Seriously - I just saw on the Marc McDonald video (Awesome video!) thread someone said that the first two bites of windows exes are acii MZ for the initials of the guy who created them.
So, what the heck are EXEs? I read that for the Mac, exes are some header info, that tell it what code to load where in the file - for intel, in a block thats first, for powerPC in a block that starts after (Is Dr Dobbs journal awesome or what?). On windows,
what the heck is it?
And how would I generate an EXE? If I took assembly code, how would I get that into machine code? My friend today was saying "Yeah back in my day, we would edit the machine code by hand" - and my head basically popped.

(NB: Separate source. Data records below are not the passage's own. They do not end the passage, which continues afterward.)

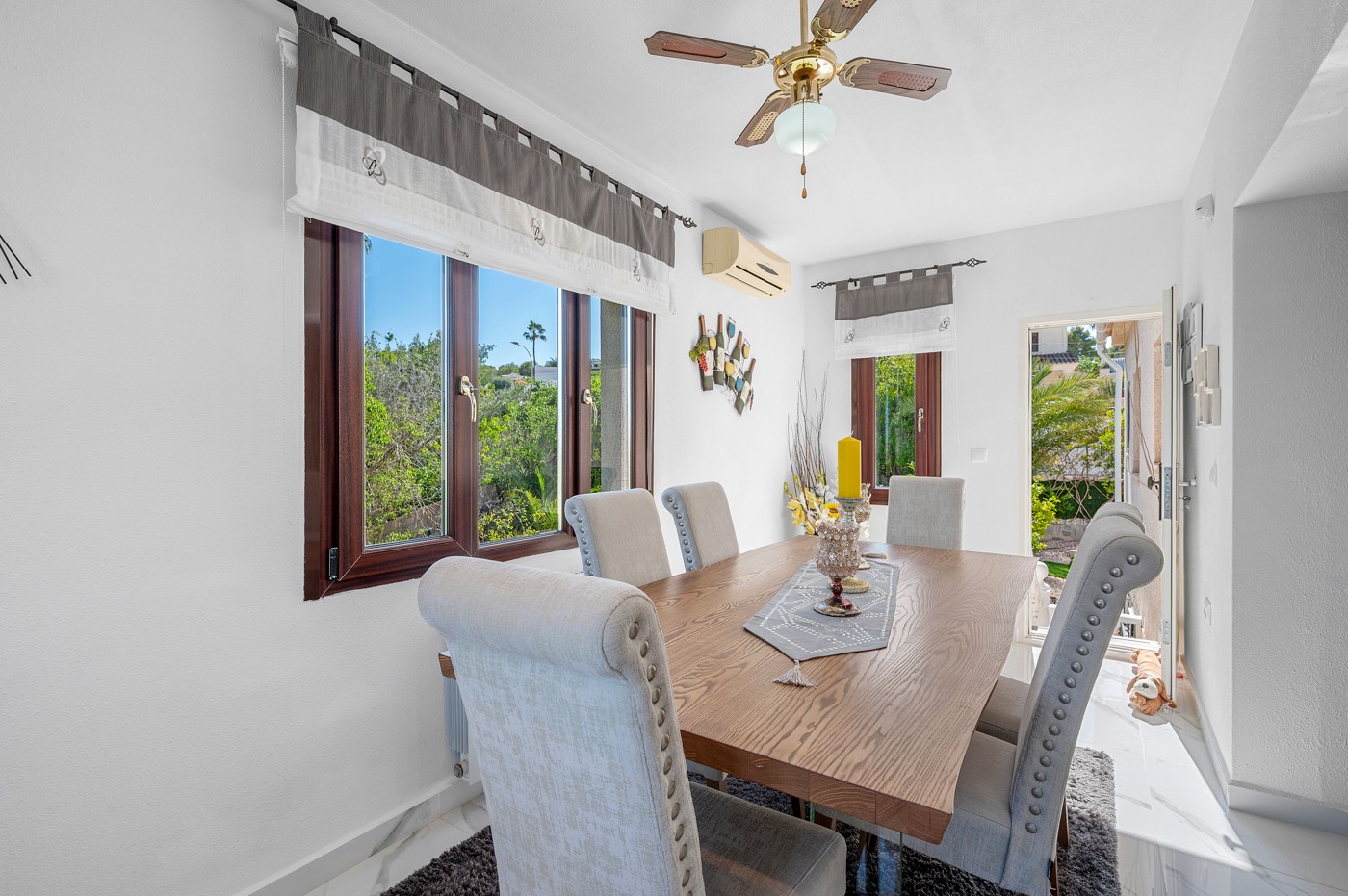 Villa for Sale in Almoradi, Alicante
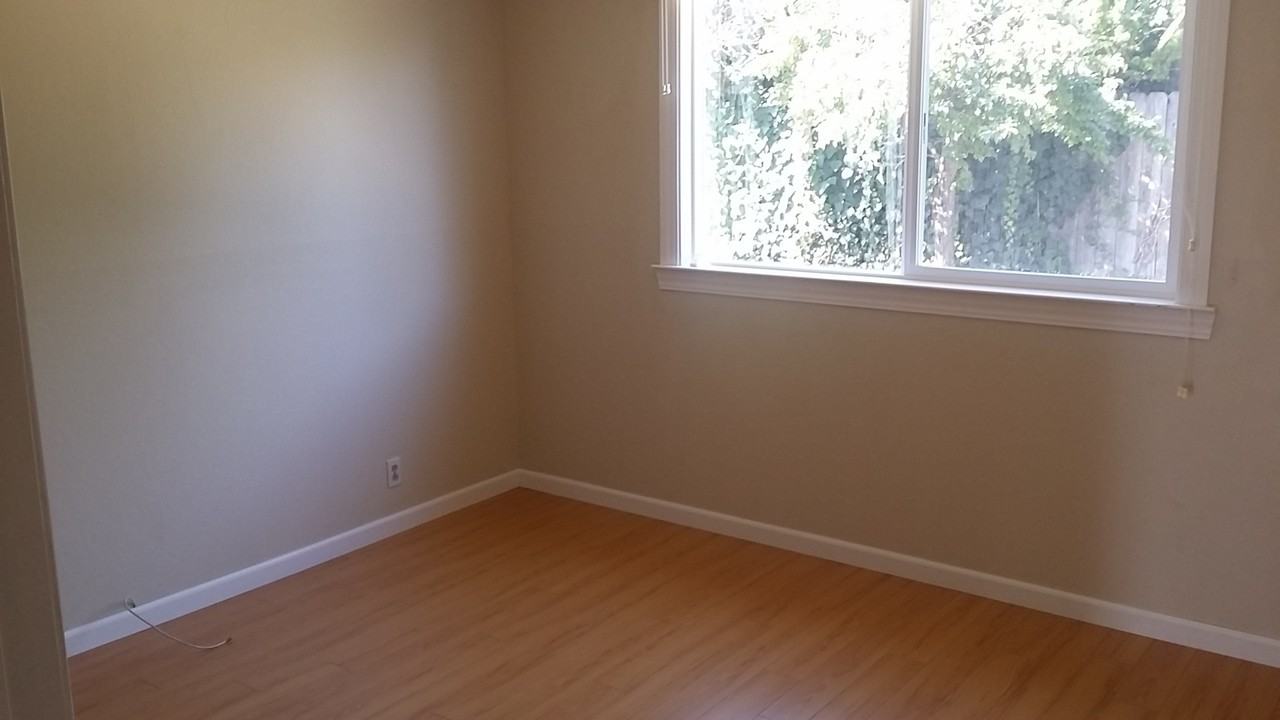 733 Santa Rosa St - Photo 6 of 10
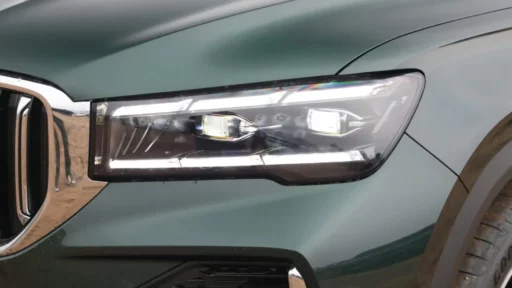 geely monjaro сбоку спереди зеленый фара продажи упали в китае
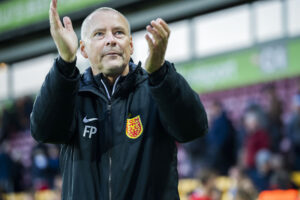 CN Træner Flemming Pedersen klapper på Right to Dream Park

I want to edit machine code by hand!
So what the heck is an EXE? I know how to open one, I know that its something I can't reference in a project, but something that is self contained, and runs, and has a main method - where the heck is the main method? Is it always at 20,000 bytes or something
in the file? Can I build an exe by hand in notepad? What would I need to build an exe by hand? And how many days would it take?
A lot of your threads were already weird, but now it's getting ridiculous...
start -> run -> cmd -> debug -> go nuts!
Think of an EXE like flat-pack furniture. It's a kit of parts used to produce a running program - a
process. And like a flat-pack, it includes assembly instructions - how to turn the kit into the working process.
A PE file contains a number of sections. The simplest sections contain code, read-only data, and data that has an initial value and can be updated. An OS component called the
loader reads the section headers and sets up the process's virtual address space appropriately. There can also be uninitialised data sections, where the file contains no data for that section and the loader simply allocates the right amount of memory
at the appropriate address. Then the loader looks for the executable's start address in the header, and jumps to that address.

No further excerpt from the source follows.